Crecimos con los mitos de nuestros padres, que amarilleaban en periódicos de 1970 y 1982.

Ahora tenemos nuestras propias historias.
"Esto es lo que quiero que mi hijo recuerde", me dice un muchacho que no pasa los 30 años que carga un niño sobre sus hombros.
"Esto yo nunca lo viví", señala. El niño lleva una pequeña camiseta.
Decenas o quizás cientos de banderas rojas y blancas se agitan sobre un mar tan extenso de gente abriendo cervezas, gritando, saltando y abrazándose, que sería fácil creer que los confines de esta fiesta son también las fronteras del país.

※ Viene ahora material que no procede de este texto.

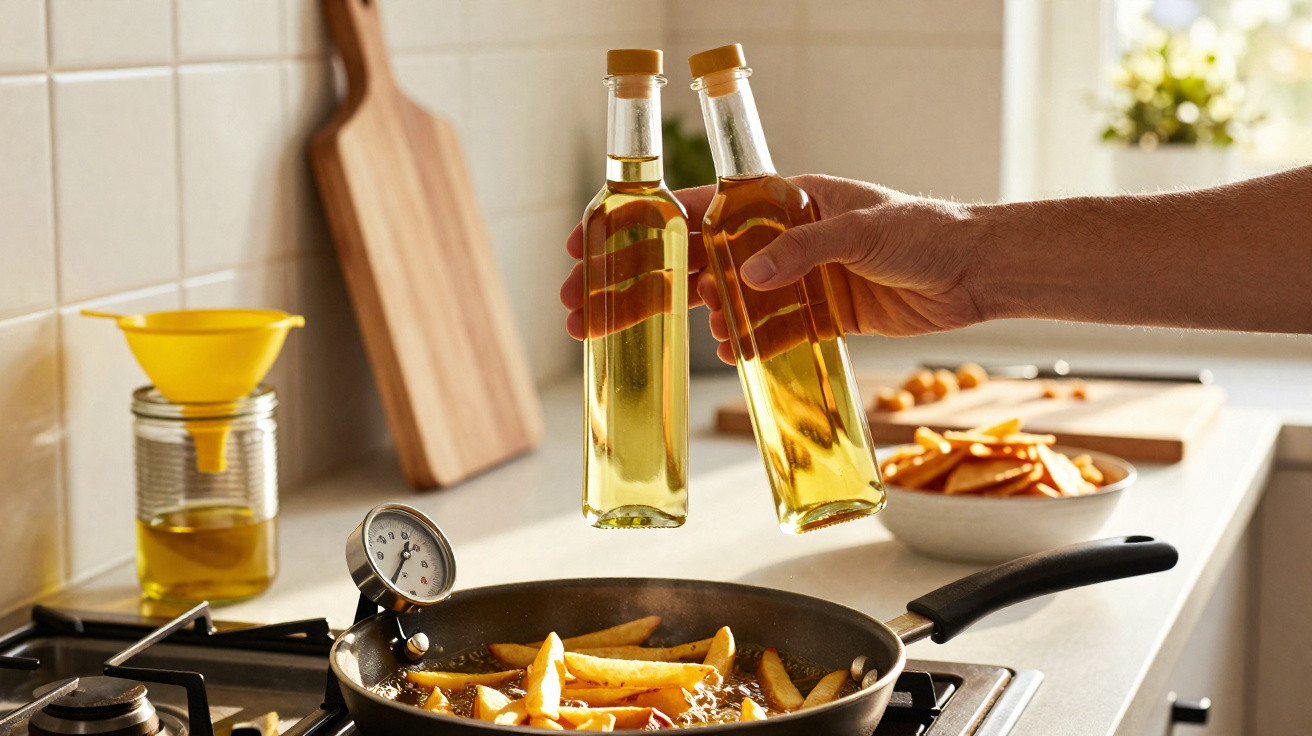 Mão a segurar duas garrafas de óleo enquanto batem para cozinhar batatas fritas numa frigideira a fritar.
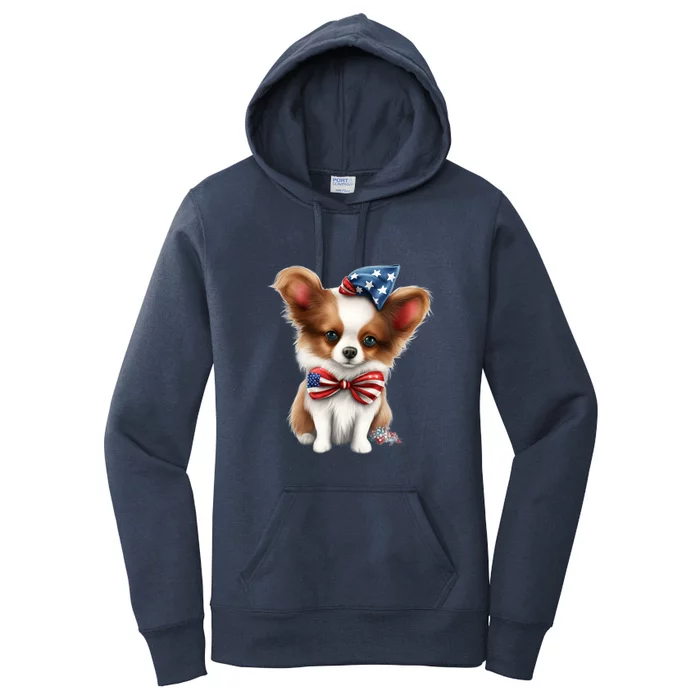 Papillon Dog Puppy USA Flag American Dogs 4th Of July Women's Pullover Hoodie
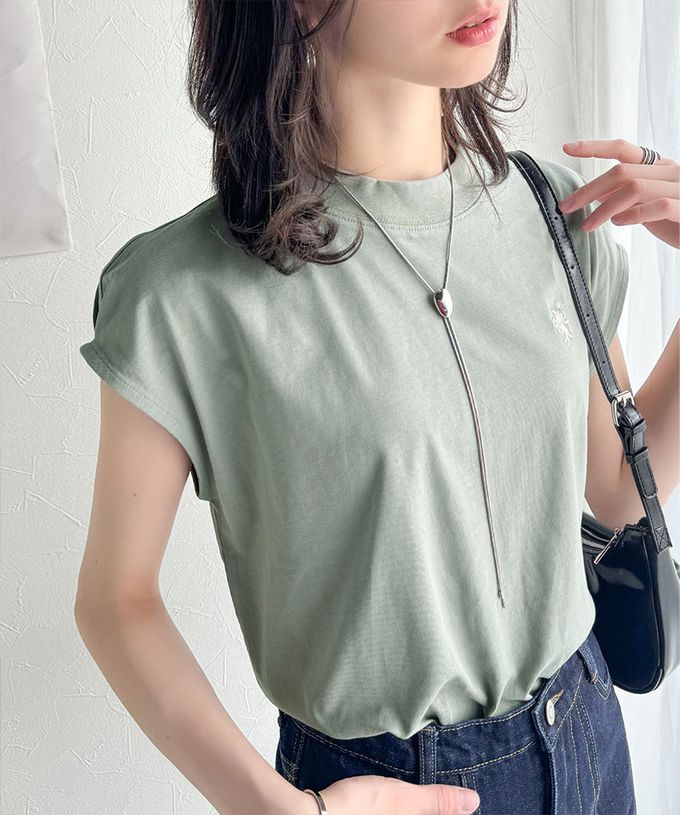 日本 Classical Elf - 刺繡logo魅力法式袖上衣-小立領-淺灰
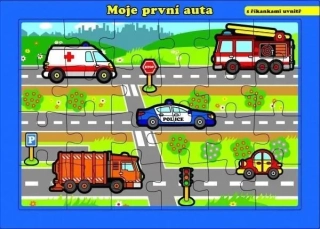 PUZZLE DESKOVÉ MOJE PRVNÍ AUTA S ŘÍKANKA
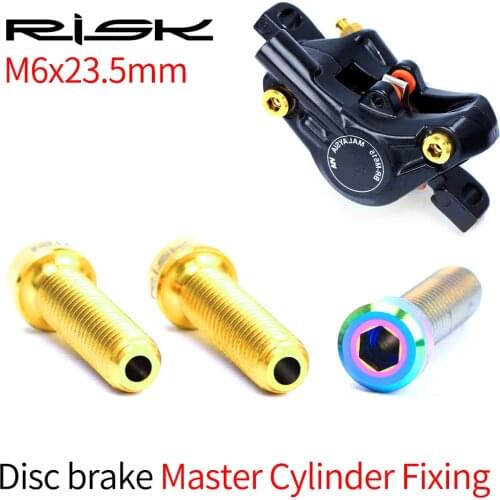 RISK 2pcs/box Mountain Bike Bicycle Hollowed Out M6x23.5 SL Hydraulic Disc Brake Master Cylinder Fixing Bolts SL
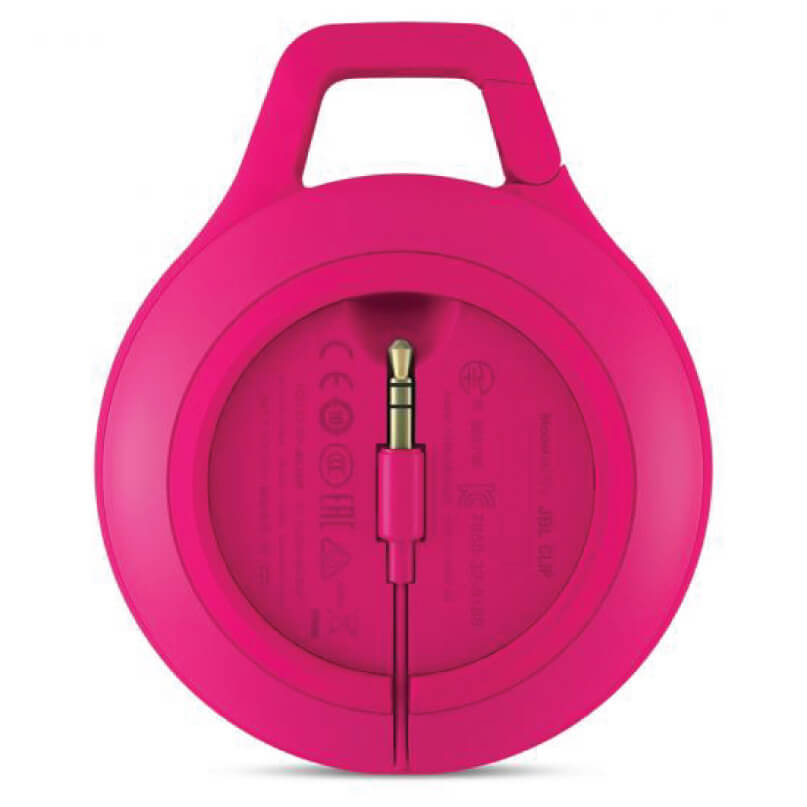 Jbl Clip+ Ipod And Iphone Speaker System Pink over-ear headphones with a circular ear cup and 3. 5mm audio jack.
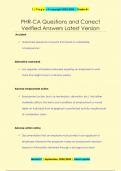 PHR-CA Questions and Correct  Verified Answers Latest Version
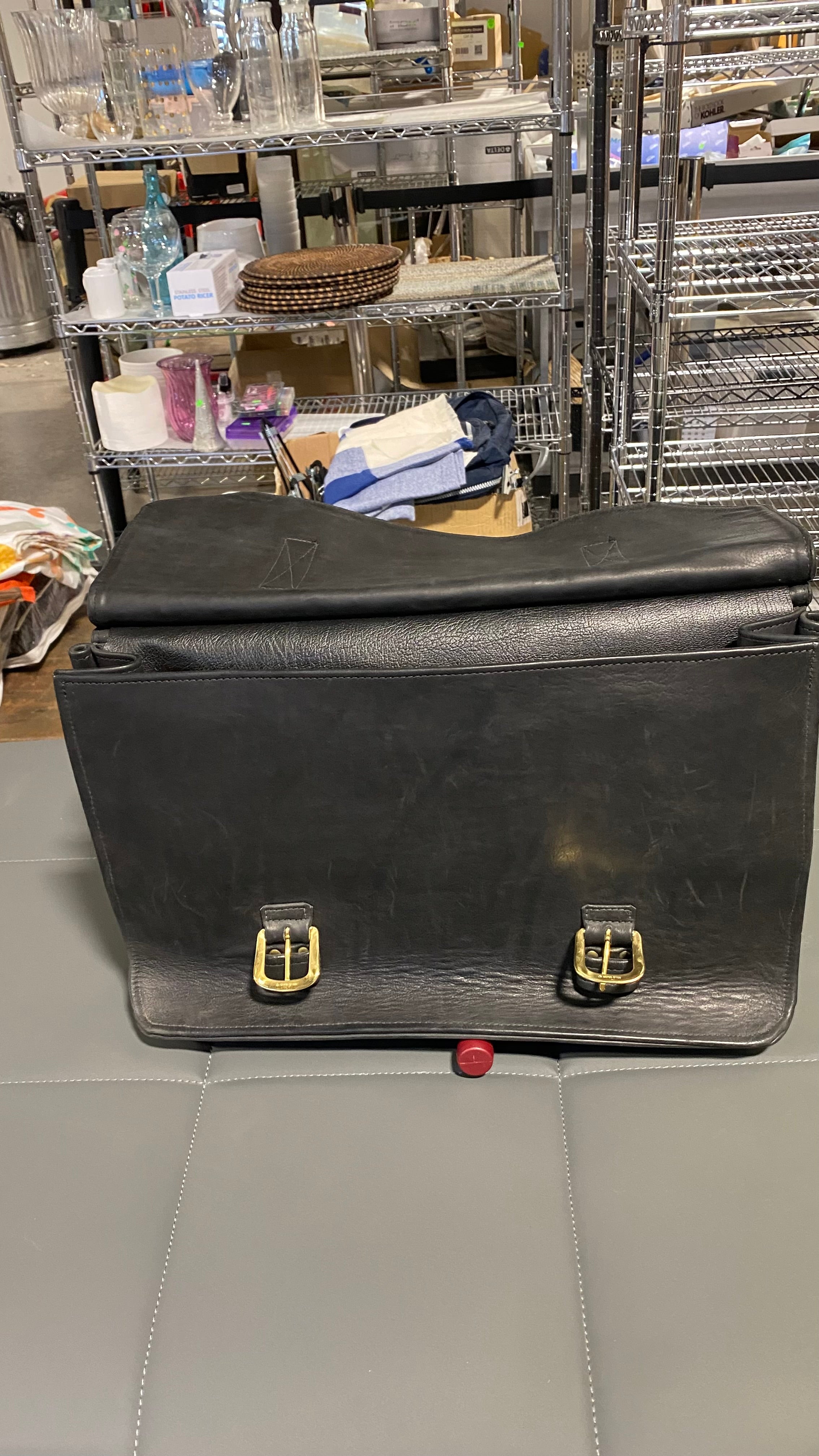 Large Two-Sided Double Buckle Leather Artist's Satchel 20"x 15"x 8"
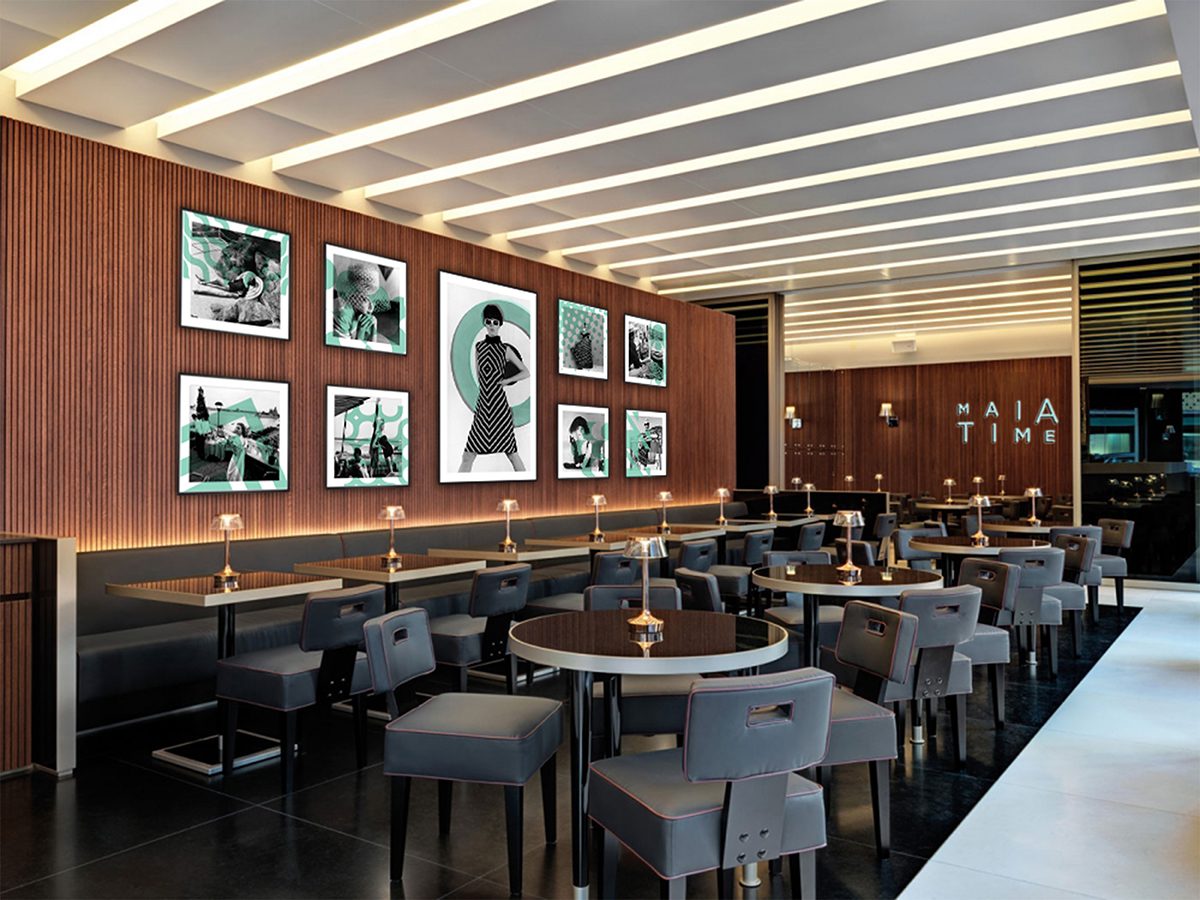 Contemporary interiors of a restaurant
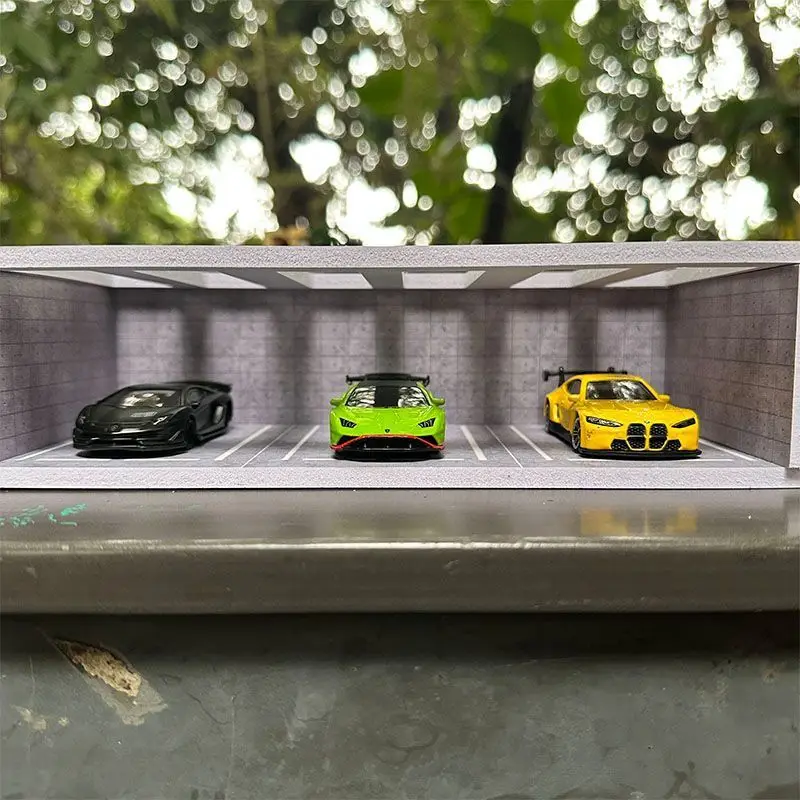 

1:64 парковочный гараж с мансардным светом для модели автомобиля, фотография, деталь диорамы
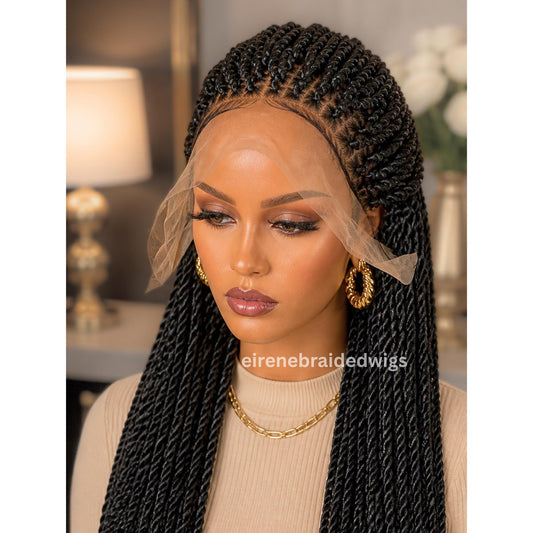 24inch Box Braided Wigs for Black Women – Lace-Front Twist Braids – product image 1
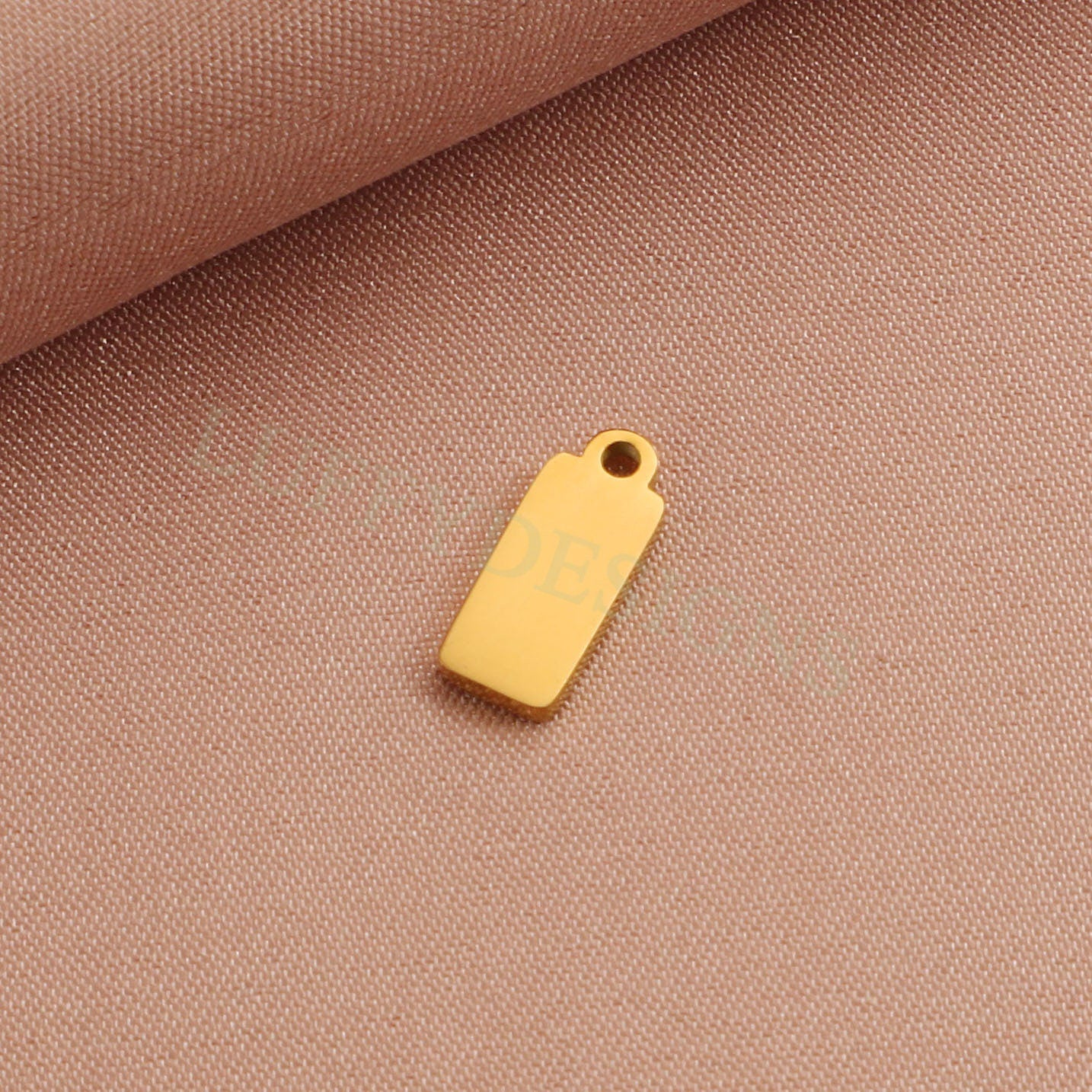 10pcs Gold Rectangle Charm Pendant 5x12mm, Rectangle Pendant Blank, DIY Engraving Supplies, Ready to Engrave, Gold plated Stainless Steel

Como en Miraflores, en las plazas de las ciudades más importantes de la costa, los andes y la selva amazónica los alcaldes armaron pantallas gigantes.

En los pueblos más pequeños, los vecinos sacaron sus televisores a la calle.
El encuentro que nos clasificó al Mundial de Rusia 2018 fue menos un partido de fútbol y más una liturgia para reconocernos como una comunidad.
Cuando el árbitro francés pitó el final del partido, miles en el parque Kennedy levantan los brazos, como si apuntaran a los petardos que ya revientan sobre ellos, y los dejan caer en un abrazo hacia cualquiera que tuvieran al lado.
Y entonces empiezan las lágrimas.
No conozco a los que me abrazan. No sé de donde vinieron. No sé quiénes son los que me dejan sus lágrimas en el hombro. No sé quiénes se llevaron las mías.
Ojalá nunca nos quitáramos estas camisetas.